C++_Compilation_Linking - RicoJia/notes GitHub Wiki

========================================================================

========================================================================

1. symbol: During compilation, any non-static global variables? and functions will generate symbols in object files.
   • So linker can decide different modules (shared libs, executables, object files) share the same variables or funcs.
   • e.g, a.o and b.o will both have a symbol for shared_var, and their symbols will contain the same address after linker's resolution

     //A.c
     extern int shared_var;
     //B.c
     int shared_var

   • Some functions/classes in the shared lib can be linked to outside applications.
   • Nice explaination
   • static lib can call a shared lib's function, but that will be linked during linking.
   • fvisibility = hidden doesn't apply to static lib as it has static linkage, and static linkage has public visibility

1. types of lib files

   1. .o files can be used as a "library"
   • Others can use it to link against their programs

     gcc -g -o output test.c libtest.o

   2. .so
   • aka dll on windows, .dylib for macOS
   • loads in runtime
   • compile needs -fPIC and -shared flags
   • link needs flag -L , meaning "look in the current directory"
   • -ltest means libtest
     • -lc means libc, where holds printf, malloc, etc
   • See SEARCH_DIR for default libraries

     ld --verbose | grep SEARCH_DIR

     • ld --verbose ld is link editor that generates object files.
     • You will see something like /usr/lib
   • .so has smaller code size
     • Because it's loaded at runtime, the other programs don't need to have this code during compile time
     • So this gives better modularity for bug fixes as well
     • If you don't use .so, then you use .a (static library)
   3. .a
   • static library will be part of your program
   • static library is made by ar (archive), having the files all bundled up

     ar rcs libtest.a littest1.o libtest2.o ...
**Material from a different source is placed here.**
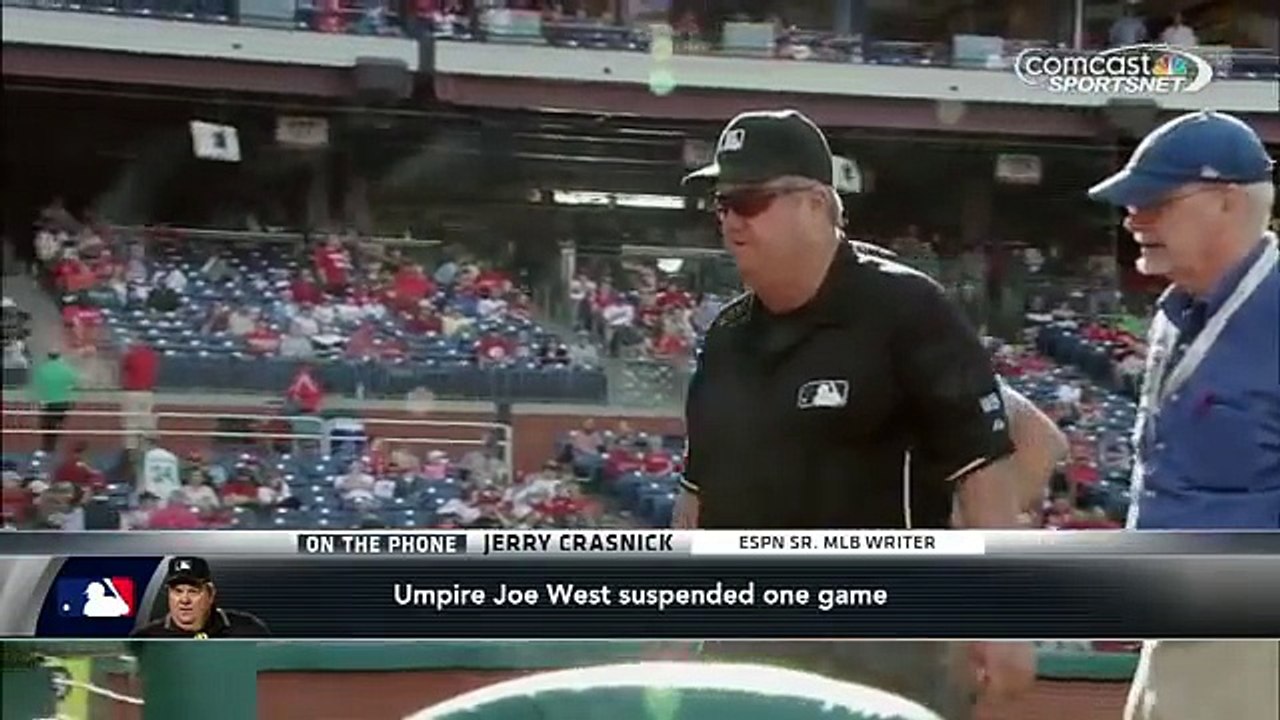 Joe West suspended one game for grabbing Jonathan Papelbons jersey during altercation MLB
     • r means replacing other files with the same name in the archive
     • c means to create if it's not there yet
     • s means to generate index for the library
   • linking looks the same as shared lib, you need -ltest
     • But this lib will be stuffed into your binary
     • Then you don't need the library anymore

2. static lib

   • what happens in linking:

   

   Linker's job is to search for symbols
   • is just a lib file, archived with a collection of object files (.o), just like a tar/zip file.
   • so they're not linked. linker will still need to link them, but it will be easier for them.
   • So yes, a static lib can work with shared lib, and final linking will be done by making the executable

3. How to write a shared lib

4. when you see ‘SomeClass’ declared with greater visibility than the type of its field ‘SomeClass::member’ [-Wattributes]”

   • that means your code (visible to other modules) are using a shared' libs code that's not visible to other modules. 1. Make sure that code is truly visible to other modules 2. if not, try -fvisibility=hidden, the shared_lib must have this flag too.

========================================================================

========================================================================

1. extern "C"

   1. Summary

      • tells the compiler go outside my scope, the variable is defined somewhere, but the compiler doesn't need to know where it is at the moment.
      • not definition
      • The .o files will be linked together, this happens at that stage.

   2. first make the .o from c, then link it to c++

   3. Uses

   • Canonical Use 1, in a header file

     //h file
     extern int i;     //extern means it's defined somewhere else. 
     // source_1.cpp
     int i = 3; 
     //sournce_2.cpp
     int main(){
         cout <<i; 
       }

   • Canonical Use 2: in two source files, which are linked thru a header file

     // source_1.cpp
     int i = 3; 
     // sournce_2.cpp
     extern i; 
     cout <<i;     

     • This was done in linking.
     • ** If you can't find i, you will get undefined reference.**
     • Multiple definition is not allowed, you can define i only once
   • Edge Use 3: **extern tell the compiler to go outside the current scope. **

     //source.cpp
     int a = 9; 
     {
       extern int a; 
       printf("%d", a);  
     }

     • extends variable visibility, only for declaring, not for defining.

       #include "def.h"    // has int i = 3; in its
       extern int i;     
       int main (){
           i = 1; 
         }

     • Exception is function declared with an initial value

       extern int i = 1;
       int main(){
           i = 3;
         }

1. Header and multiple definitions

   • a cpp file will become an .o file, which will become a translational unit of itself. To make a final executable, multiple translational units will be linked together.

   • if two cpp files include the same header file, the include guard will prevent each single cpp file from including the the header file twice, but it doesn't do anything for linking.

     • In hfile, void foo() will be linked twice, that's multiple definition error
     • In hfile, inline void foo() will be copied to the two translational units.
     • This is one definition rule: (ODR)

   • class member functions inside the function body, with the declaration, then compiler will see it as inline functions, which is okay. Also, you can declare your enum class with its definition as well.

     // header.hpp
     class Foo(){
         // this is ok
         void foo(){
         }
     }
     

2. The multiple Definition Error

   1. check include guard
   2. check if your binary and you lib have included the same files together.
   3. For libs that must have an cpp, or cu, it's okay to have function definitions in .hpp files, but this case will introduce "multiple definitions" error.

     // a.hpp
     #ifndef __A__   //include guard will prevent multiple inclusion in a cpp file, but will not protect its functions will be included, and potentially defined in different translational units (e.g, lib src files and user src file)
     #define __A__
     void Foo(){}
     #endif
     //b.hpp
     #include "a.hpp"
   
     //lib.cpp
     #include "b.hpp"
   
     //user.cpp, using lib
     #include "b.cpp"

   4. To solve this issue, you can 1. define hpp functions, variables in a src, or 2. declare a function as static (so the functions defined in header will be only visible to the current transaltional unit)